··· Provided entries
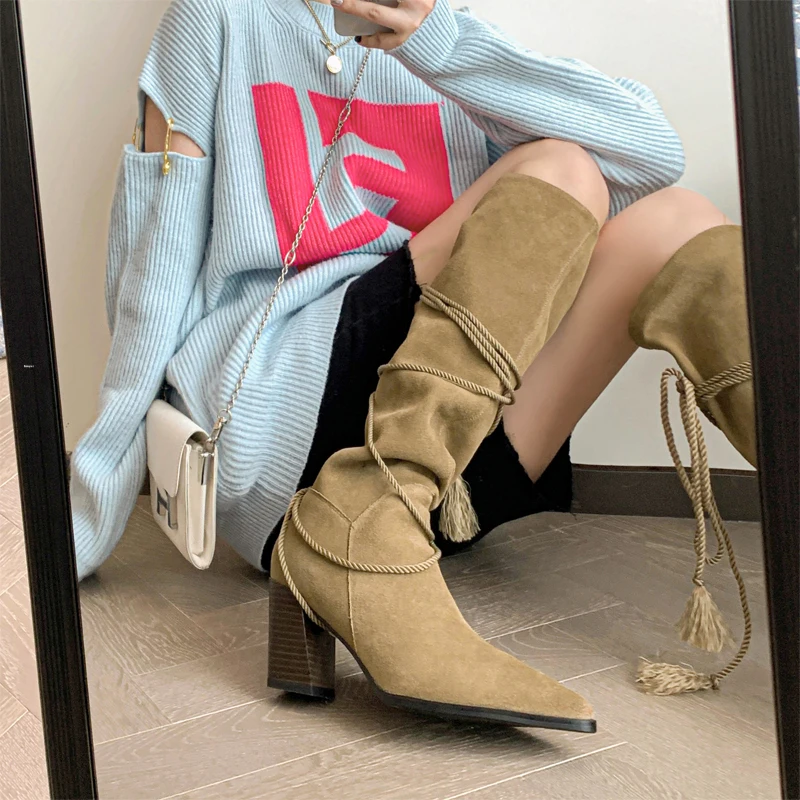 

2023 IN Stassel Women Genuine Leather Knee High Boots Fashion Pointed Toe Slip on Party Club Winter Ladies Footwear Size 34-40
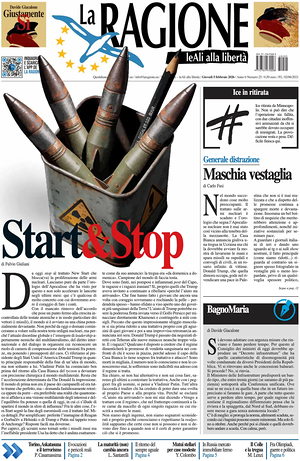 Prima pagina La Ragione di oggi - Quotidiano nazionale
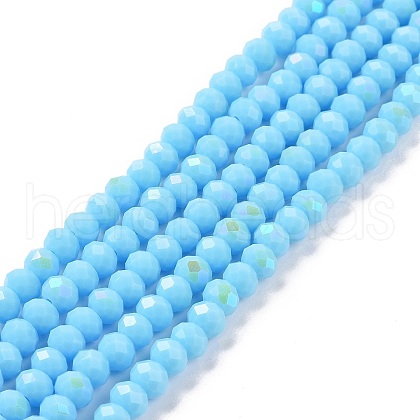 Electroplate Opaque Solid Color Glass Beads Strands EGLA-A034-P3mm-L11-1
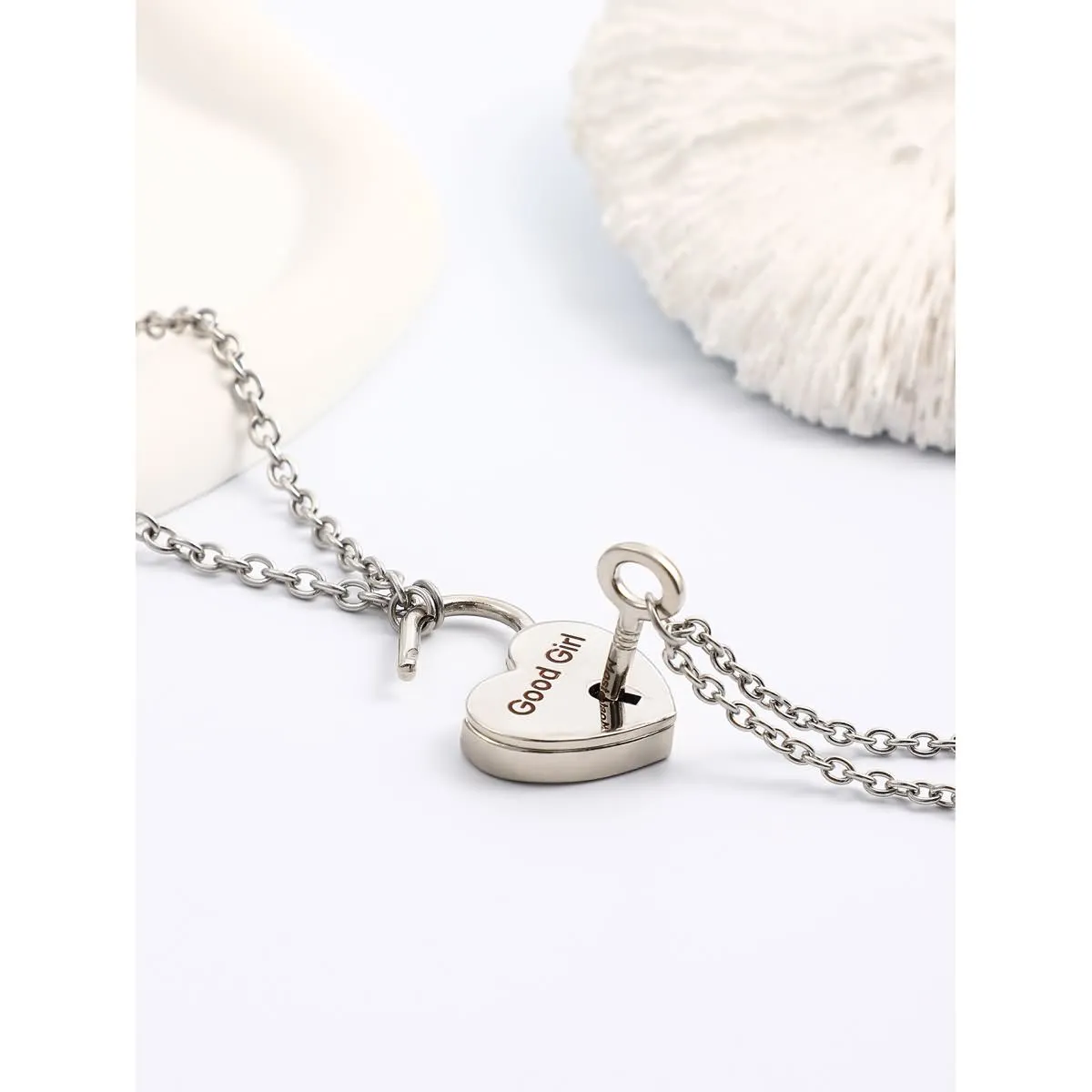 Good Girl and Master Heart Lock Key Pendant Necklaces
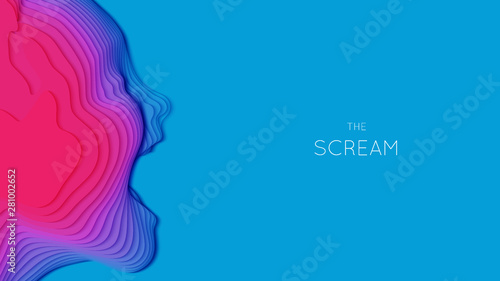 Vector 3D abstract paper cut human head screaming. Colorful carving art. Paper craft head profile with open mouth. Minimalistic design layout for business presentations, flyers, posters.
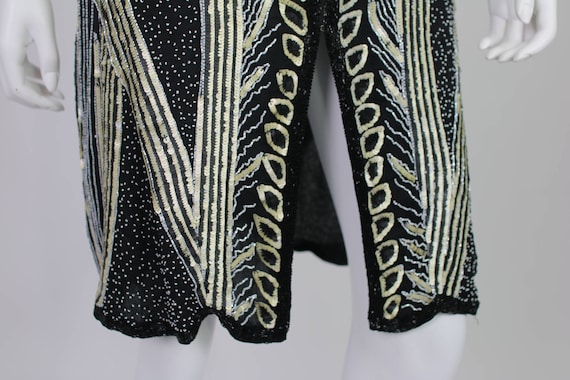 Heavy Beaded Jacket Vintage Sequin Tassel Long He… - image 4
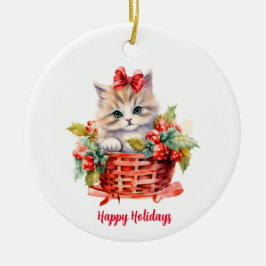 Kitten Kute i Basket Julgransprydnad Keramik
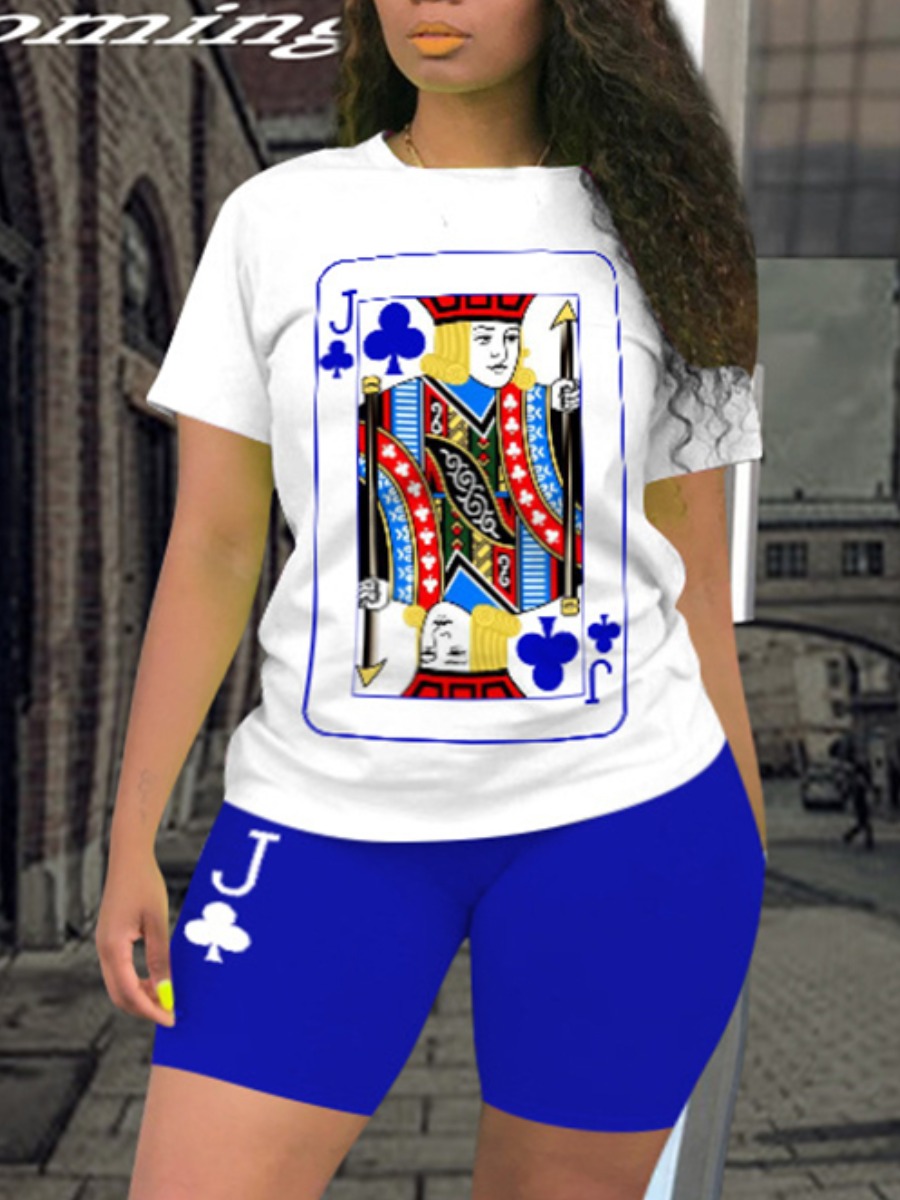 

Lovely Plus Size Casual O Neck Print Blue Two-piece Shorts Set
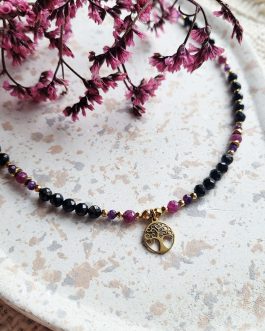 Naszyjnik Czarny Turmalin, Ametyst i Rubin – Twoja Energetyczna Równowaga
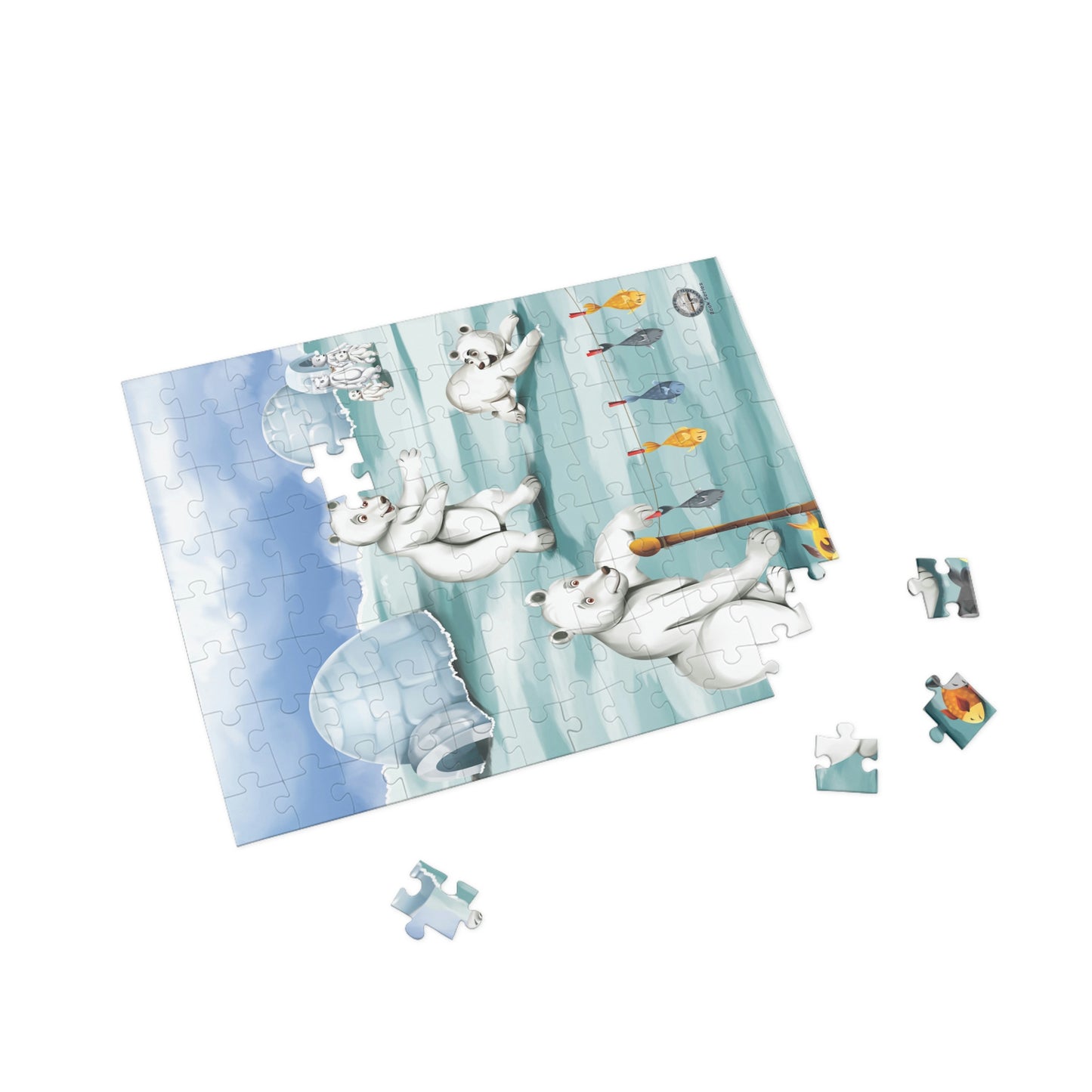 Poro the Polar Bear Family Fishing Puzzle (96, 252, 500, 1000-Piece)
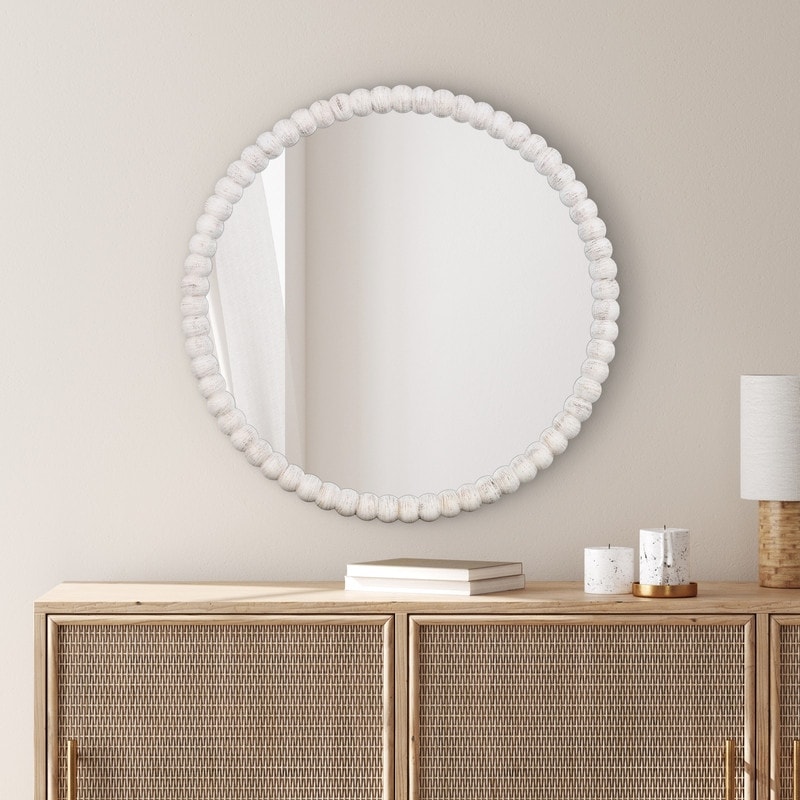 Antique Farmhouse Beaded Round Wall Mirror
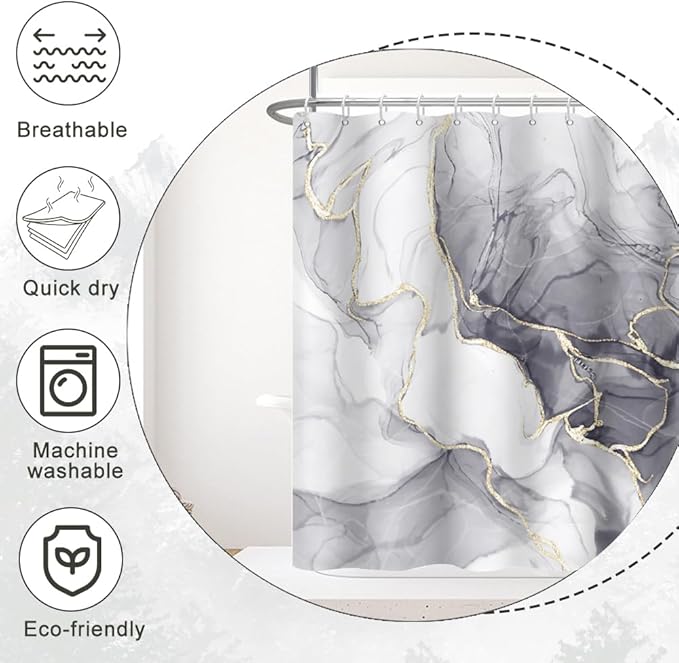 Grey Shower Curtain, Ombre Light Grey Marble Shower Curtain Set Modern Aesthetic Gray Ink Texture Waterproof Bathroom Curtain with Hooks, 60x72 Inch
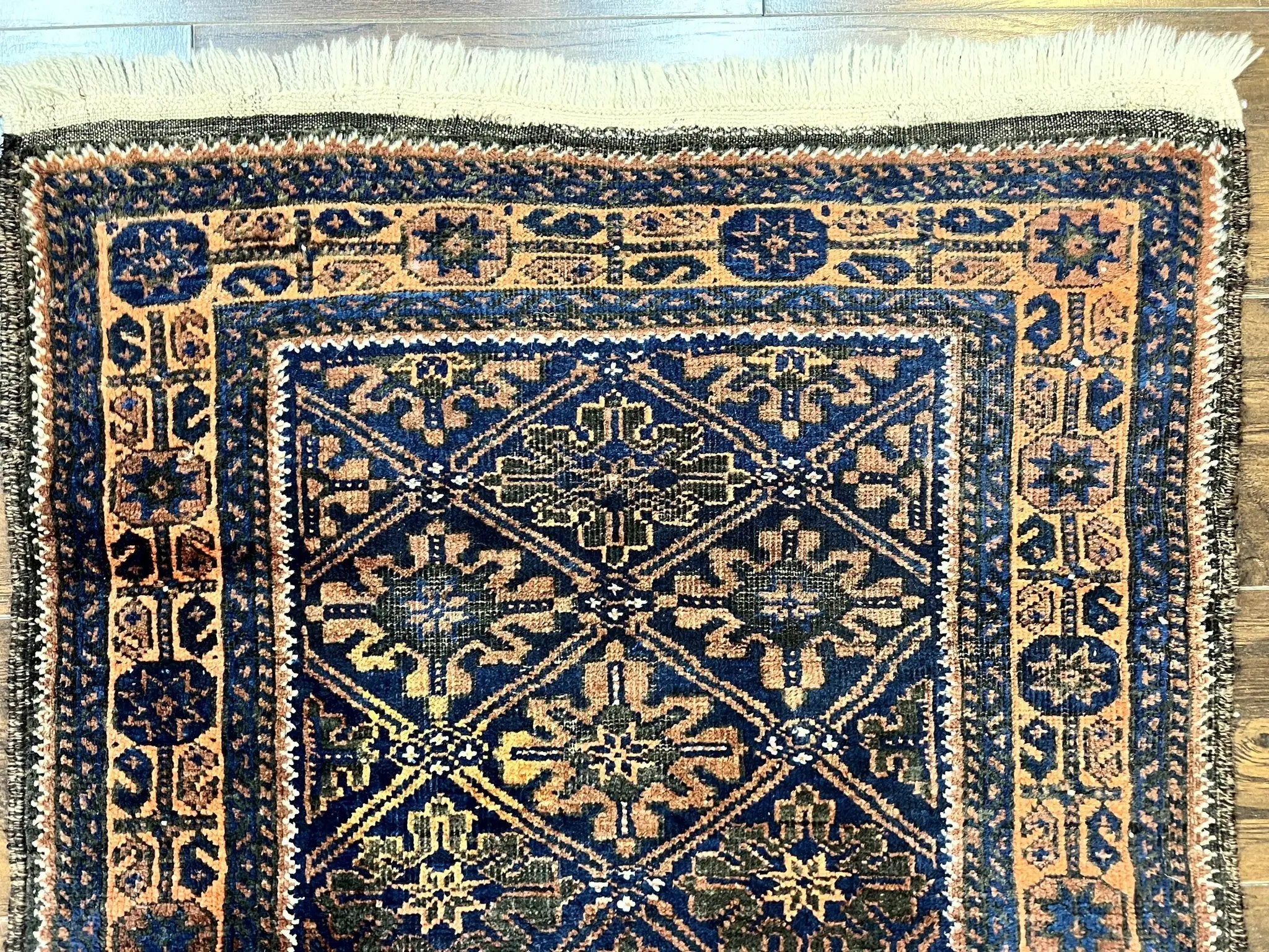 Small Antique Persian Rug 2.7 x 4.7, Handmade Wool Rug, Navy Blue, Balouch Rug, Tribal Rug by Jewel Rugs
······
→ Exercise prompt
Only the pictures are to be left out, and all of the data must otherwise be transcribed exactly.

→ Result below
2023 IN Stassel Women Genuine Leather Knee High Boots Fashion Pointed Toe Slip on Party Club Winter Ladies Footwear Size 34-40
 Prima pagina La Ragione di oggi - Quotidiano nazionale
 Electroplate Opaque Solid Color Glass Beads Strands EGLA-A034-P3mm-L11-1
 Good Girl and Master Heart Lock Key Pendant Necklaces
 Vector 3D abstract paper cut human head screaming. Colorful carving art. Paper craft head profile with open mouth. Minimalistic design layout for business presentations, flyers, posters.
 Heavy Beaded Jacket Vintage Sequin Tassel Long He… - image 4
 Kitten Kute i Basket Julgransprydnad Keramik

Lovely Plus Size Casual O Neck Print Blue Two-piece Shorts Set
 Naszyjnik Czarny Turmalin, Ametyst i Rubin – Twoja Energetyczna Równowaga
 Poro the Polar Bear Family Fishing Puzzle (96, 252, 500, 1000-Piece)
 Antique Farmhouse Beaded Round Wall Mirror
 Grey Shower Curtain, Ombre Light Grey Marble Shower Curtain Set Modern Aesthetic Gray Ink Texture Waterproof Bathroom Curtain with Hooks, 60x72 Inch
 Small Antique Persian Rug 2.7 x 4.7, Handmade Wool Rug, Navy Blue, Balouch Rug, Tribal Rug by Jewel Rugs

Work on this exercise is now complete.